Presiden Donald Trump menjanjikan pada kampanye pemilu 2016 bahwa dirinya akan membebaskan Dr Afridi dalam “dua menit” begitu dirinya terpilih. Janji ini hingga sekarang tak terwujud.

Dokter tersebut dipandang sebagai pahlawan di AS, sementara di Pakistan Dr Afridi diperlakukan sebagai pengkhianat yang mempermalukan negara.

Ketika itu, tanpa dipertanyakan pihak mana pun, pasukan khusus AS melakukan operasi rahasia di dalam wilayah Pakistan, membunuh Bin Laden yang diklaim sebagai otak serangan 11 September.

Osama Bin Laden dapat menghindar dari penangkapan selama hampir sepuluh tahun. – Reuters

Dan ini menimbulkan berbagai pertanyaan terhadap militer Pakistan, yang memiliki kebijakan keamanannya sendiri, apakah mengetahui bahwa Bin Laden ada di negaranya.

Pakistan tetap menjadi “sekutu” yang tidak jelas posisinya sampai sekarang dalam perang pimpinan AS melawan kelompok Islam militan.

Siapakah Shakil Afridi?
Dr Afridi adalah ahli kedokteran terkemuka di daerah kesukuan Khyber dan pimpinan layanan kesehatan yang menjalankan sejumlah program vaksinasi yang didanai AS.
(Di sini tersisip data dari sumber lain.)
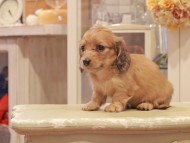 Kaninchen-Dachshund1202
Sebagai pegawai pemerintah, dia mendirikan program penyuntikan hepatitis B, termasuk di kota Abbottabad, di mana Bin Laden tinggal selama bertahun-tahun sebelum keberadannya diketahui AS.

Rencana intelijen AS adalah mendapatkan sampel darah dari salah satu anak yang tinggal di kompleks Abbottabad, agar tes DNA dapat menentukan apakah mereka memang keluarga Bin Laden atau tidak.

Diperkirakan bahwa salah satu satu dari staf Dr Afridi mengunjungi kompleks tersebut untuk mengumpulkan sampel darah — tapi tidak diketahui apakah mereka mengetahui seberapa penting tindakan ini dalam operasi Amerika untuk mendapatkan sasarannya.

Dr Afridi ditahan pada tanggal 23 Mei 2011, 20 hari setelah Bin Laden dibunuh.